Under § 112 ¶2, the scope of the claims must be sufficiently definite to inform the public of the bounds of the protected invention. A claim is indefinite when it is “not amenable to construction” or “insolubly ambiguous.” The district court had construed the term “spaced relationship,” thus the Federal Circuit found that the term was amenable to construction and would be indefinite only if it was insolubly ambiguous.
The Federal Circuit decided a person of ordinary skill would not find the term “spaced relationship” insolubly ambiguous, because the claim language, specification and figures disclosed certain inherent parameters delineating the boundaries of the claim. The Court noted the maximum distance between the live and common electrodes cannot be greater than the width of a user’s hands because the patent required the live and common electrodes to independently detect electrical signals at two distinct points of a hand. Likewise, the distance cannot be so small so as to merge into a single electrode. The Court also faulted the district court’s inquiries into “the size of a user's hands, placement of fingers, and the composition of the handle” as possibly relevant to a enablement inquiry under § 112 ¶1, but not an indefiniteness analysis under § 112 ¶2.
The Federal Circuit found that a “whereby” clause contained in one of the claims described the function of substantially removing EMG signals was “highly relevant” in ascertaining the proper bounds of the claim term, noting the U.S. Patent and Trademark Office (USPTO) had found this function crucial to overcoming prior art during reexamination.
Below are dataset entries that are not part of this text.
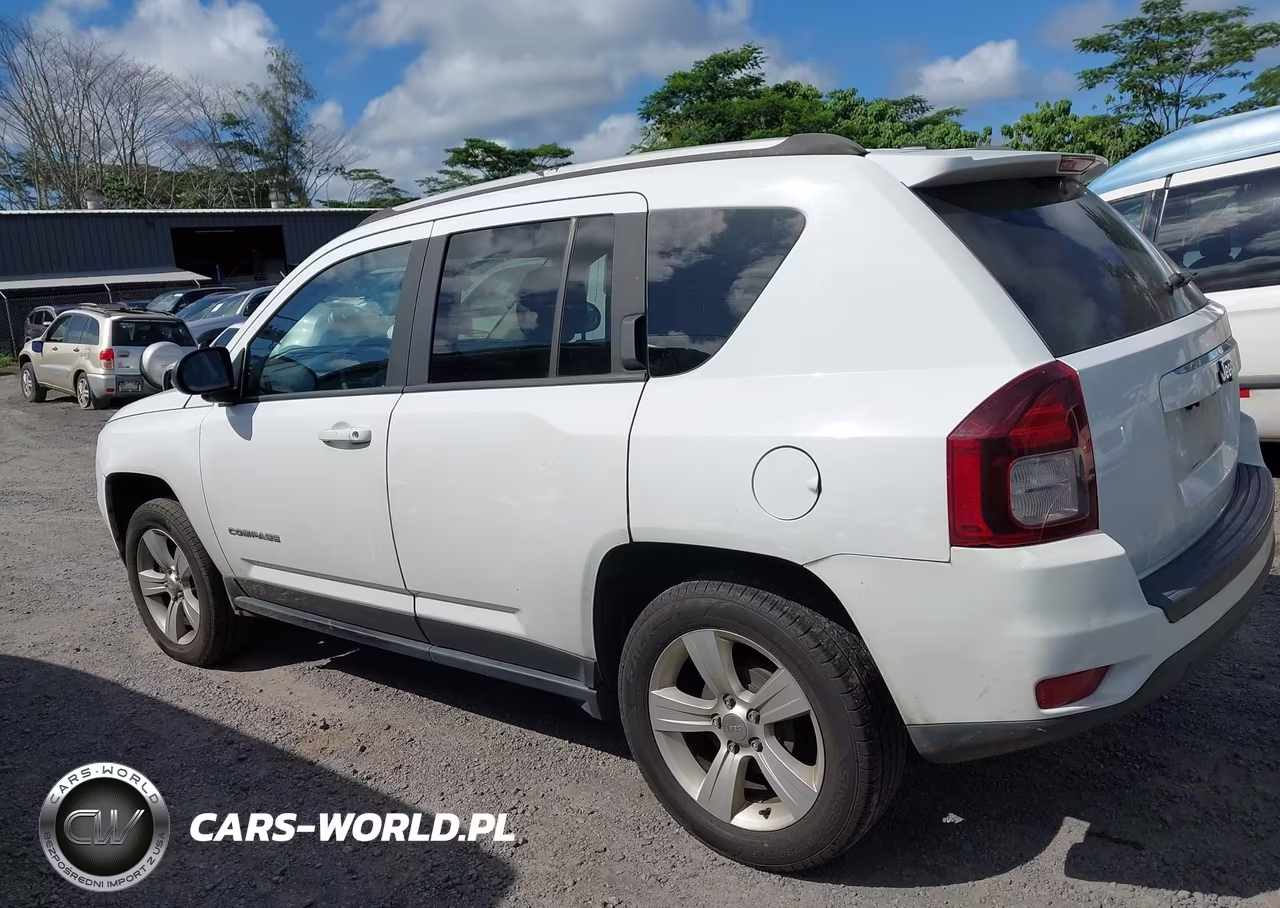 2016 Jeep Compass Sport VIN:1C4NJCBA4GD665187 - 14
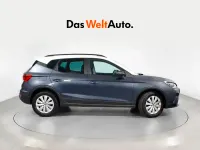 Usado Seat Arona Style 115 CV (84 kW) 2025 Gris SUV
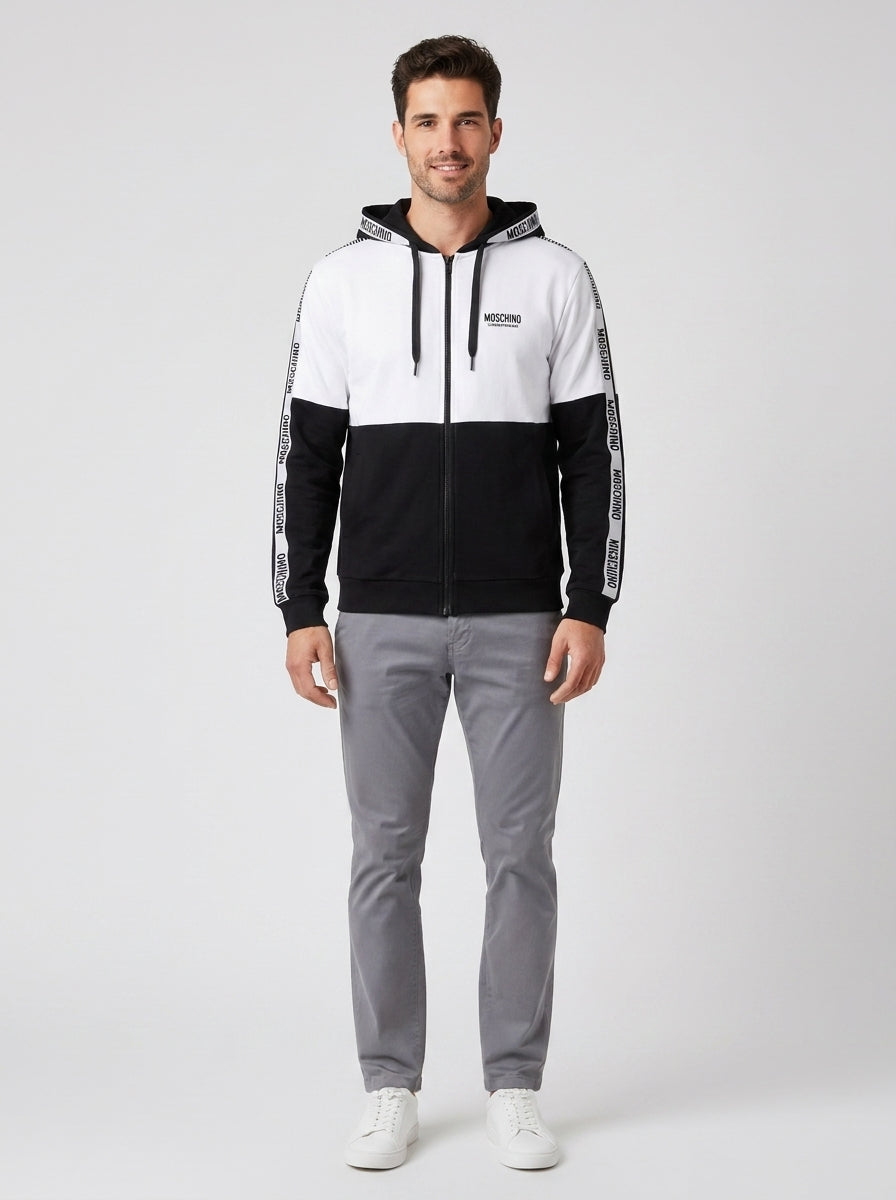 Felpe Felpa con Cappuccio e Cerniera V1A1721 - foto indossata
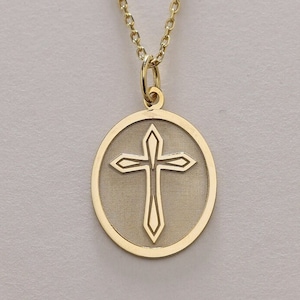 14k Gold Kreuz Halskette, Kreuz Pattee Gold Anhänger, Gold personalisierte Münze Kreuz Halskette, Schutz Halskette, Mama Geschenk, Geburtstagsgeschenk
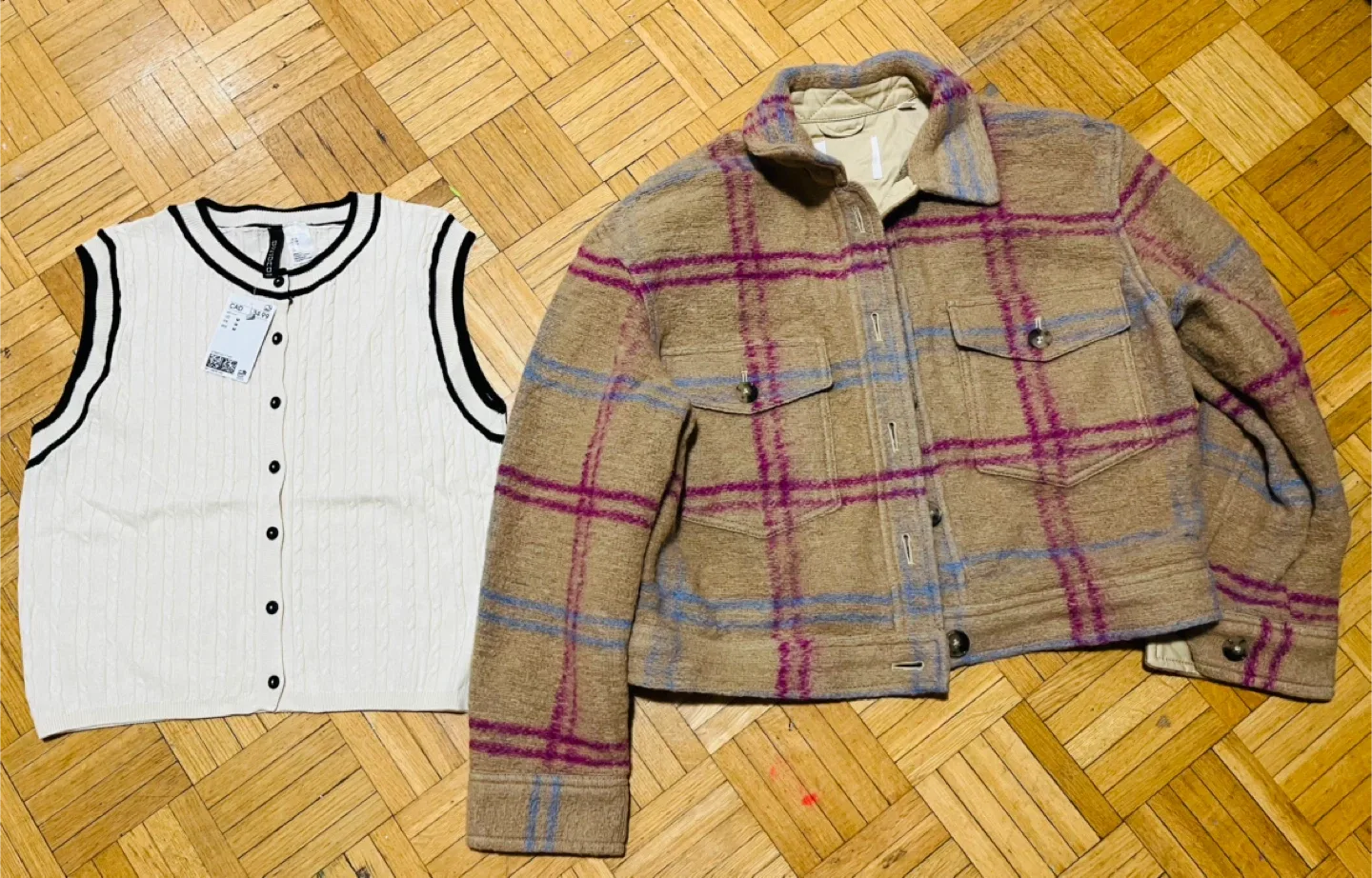 Tan Plaid Jacket image indicator(3)
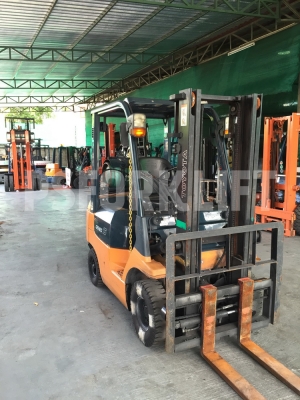 ขายฟอร์คลิฟท์ โตโยต้า 7FG15 เสาสูง 3 ม. จากประเทศญี่ปุ่น ขายฟอร์คลิฟท์ โตโยต้า 7FG15 เสาสูง 3 ม. จากประเทศญี่ปุ่น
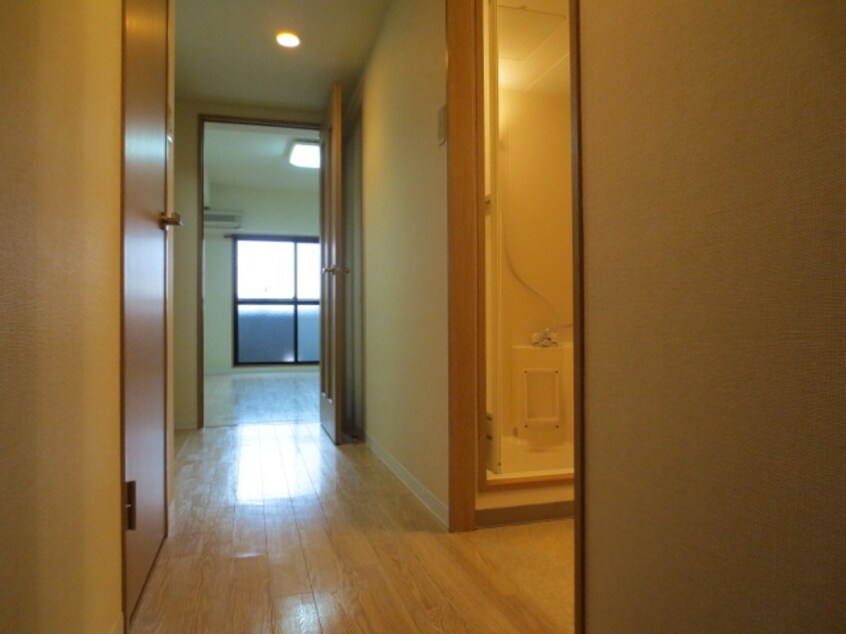 廊下 ＳＴＵＤＩＯ　ＯＨＺＯＮＥ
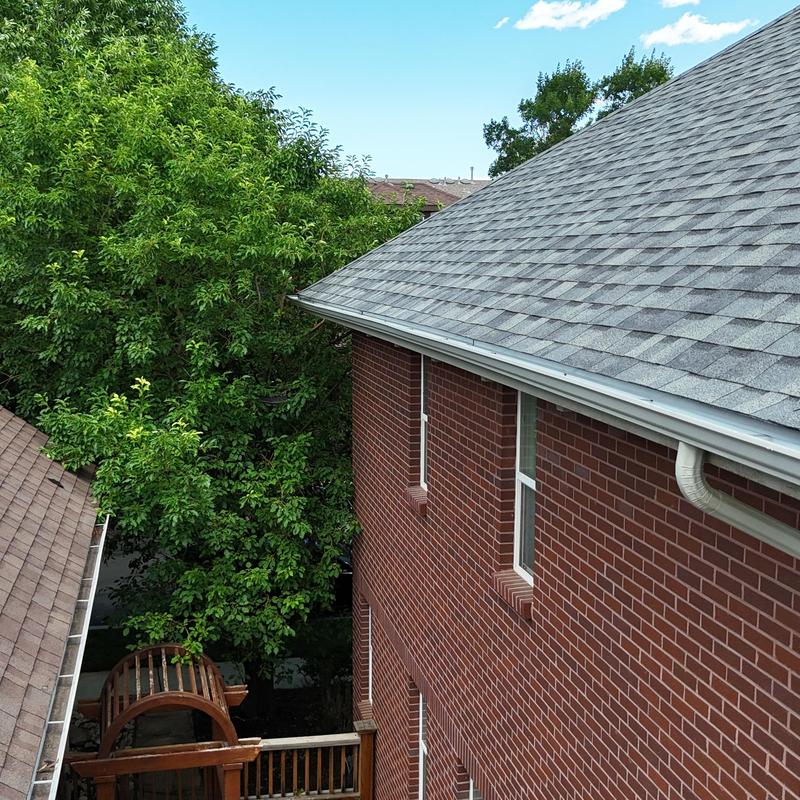 Owens Corning laminate shingle roof installation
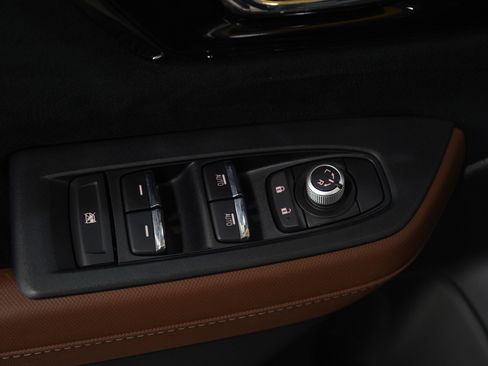 Used 2025 Subaru Forester Touring w/ Touring Package image 21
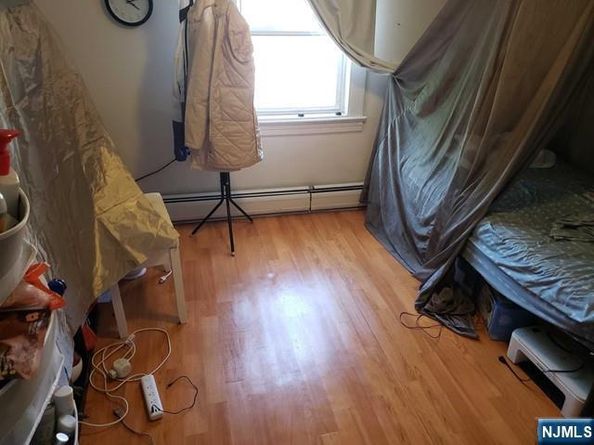 236 E Palisades Boulevard, Palisades Park NJ 07650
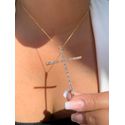 Colar De Cruz Com Detalhe Na Navete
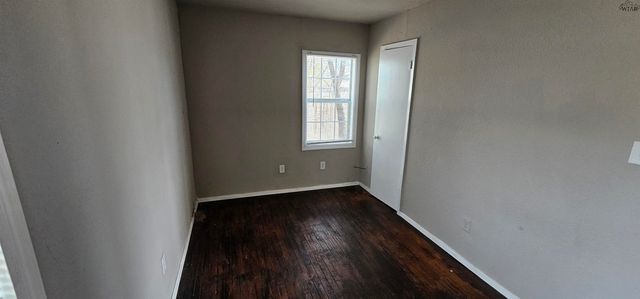 1633 LUCAS AVENUE, Wichita Falls, TX 76308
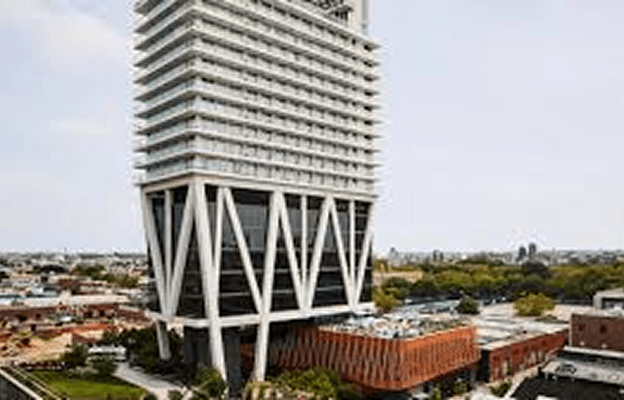 The William Vale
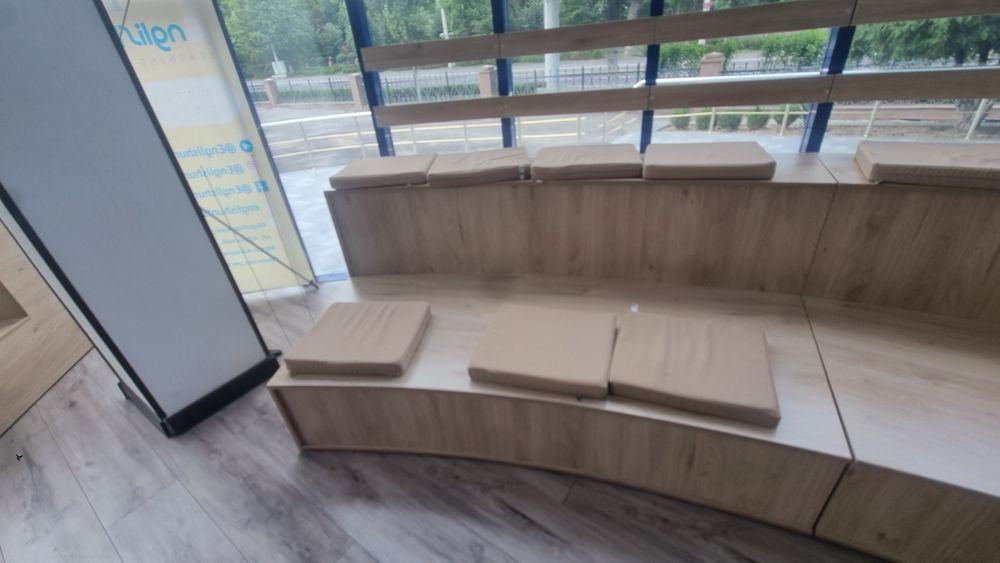 Krugliy stul dlya uchebniy centr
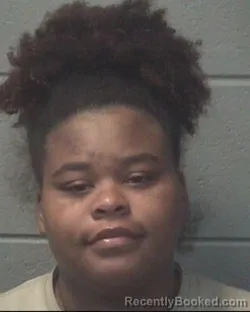 Mugshot of TRINITY ANGLEICA MAYNOR booked in Onslow County, North Carolina on July 24, 2026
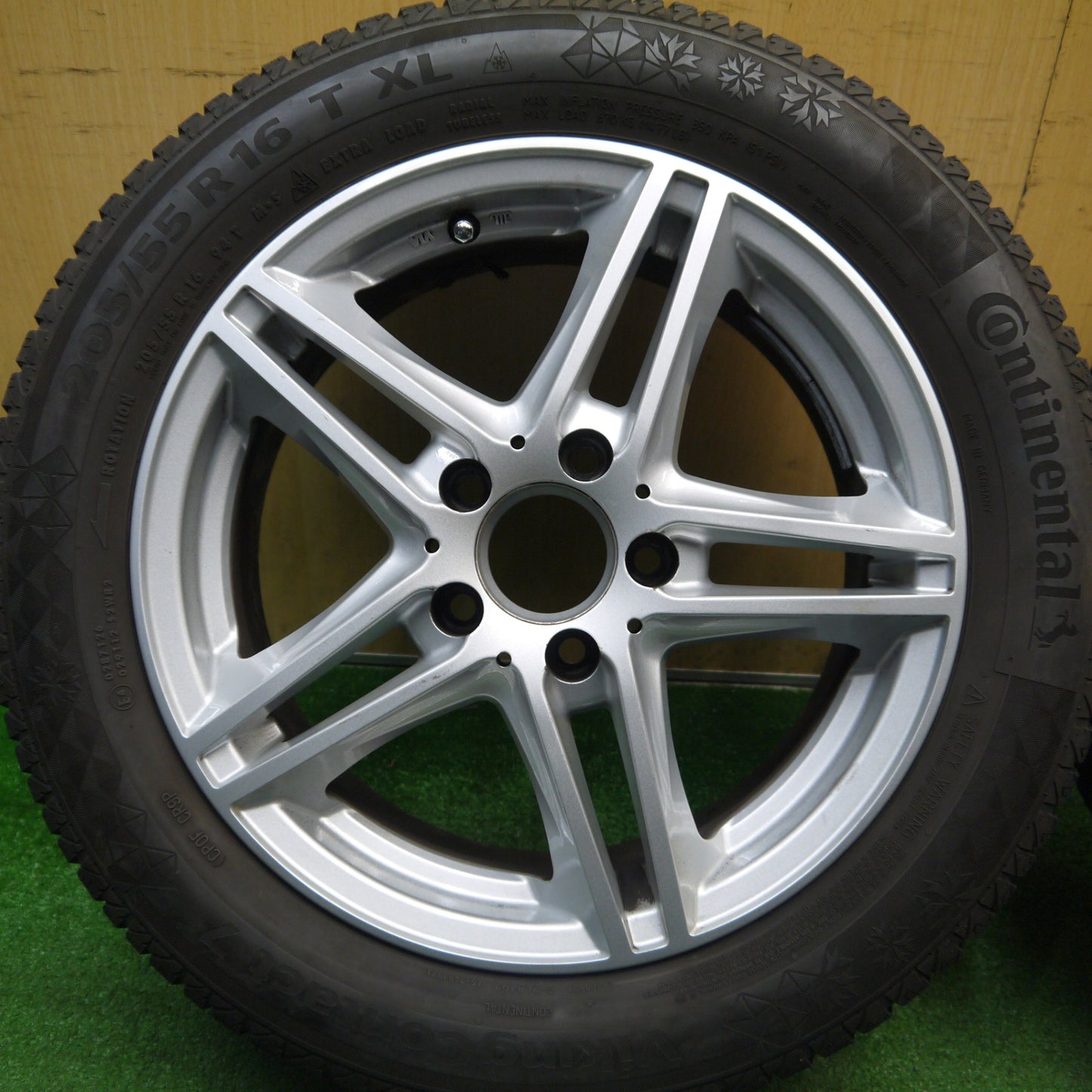 キレイ★ベンツ 等 205/55R16 スタッドレス コンチネンタル バイキング コンタクト7 社外 アルミ 16インチ PCD112/5H★6011401Hノ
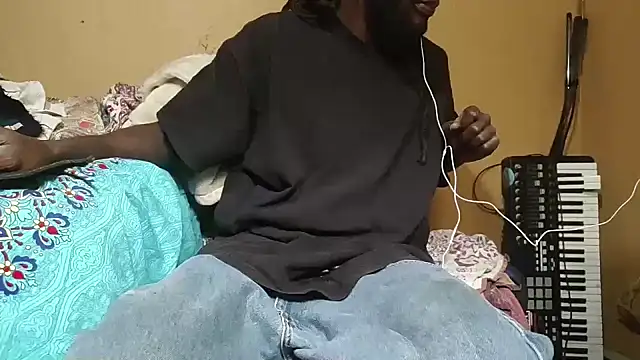 EYEzIAM online show from 10/22/25, 03:29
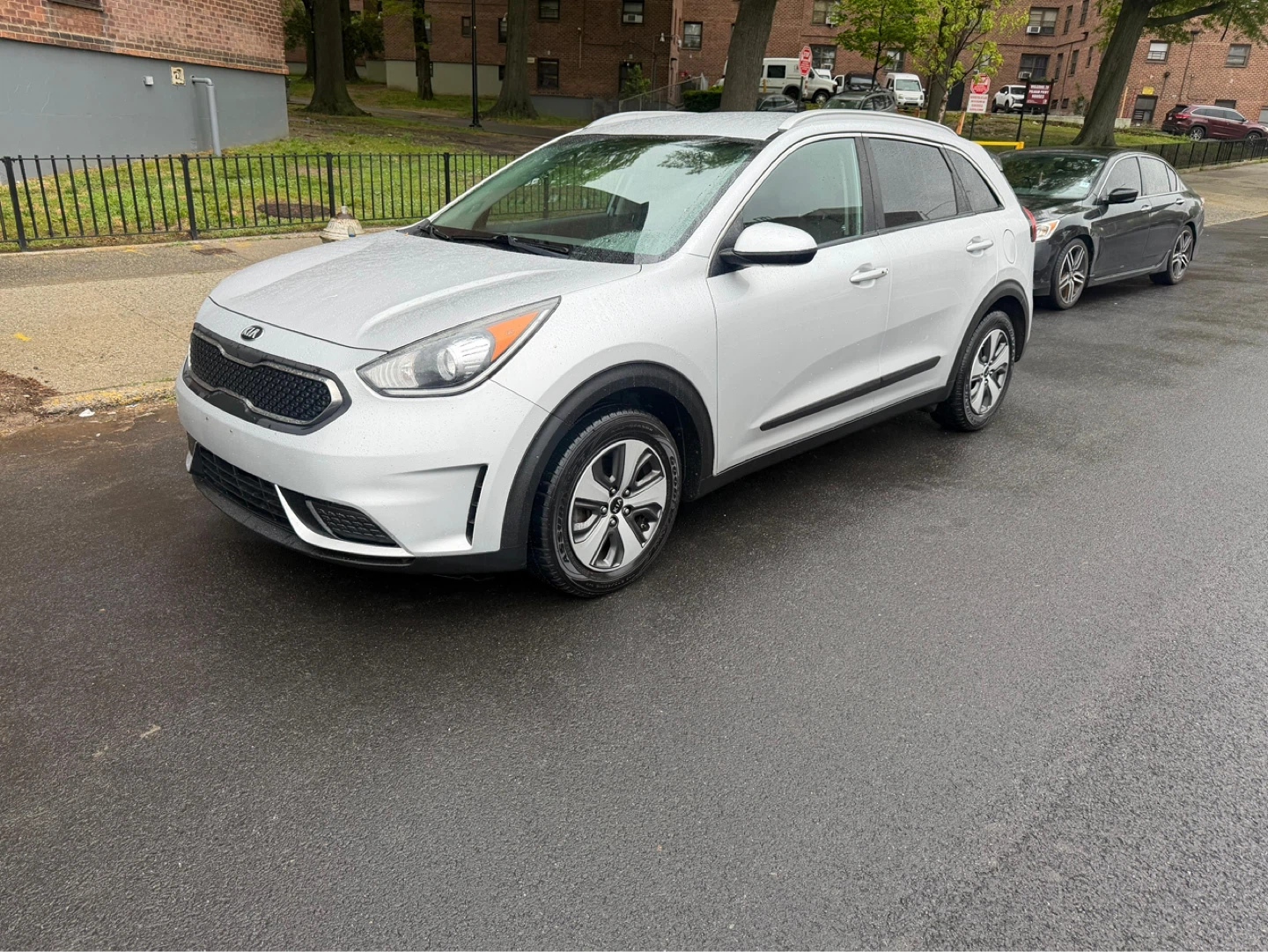 2017 Kia Niro Hybrid 4WD - photo 2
When a claim limitation is defined in purely functional terms, determining whether the limitation is sufficiently definite is highly dependent on context. The Court cited evidence in the record showing that those skilled in the art could, with some experimentation, determine the “spaced relationship” between the electrodes that would result in removal of EMG signals.
The Court ultimately held the term “spaced relationship” was not indefinite because it was amenable to construction and because the patent provided inherent parameters sufficient for a skilled artisan to understand the boundaries of the term.
The concurring opinion agreed that the district court erred in its finding of indefiniteness, but faulted the majority analysis for presuming a functional linkage between the “spaced relationship” limitation and the removal of EMG signals.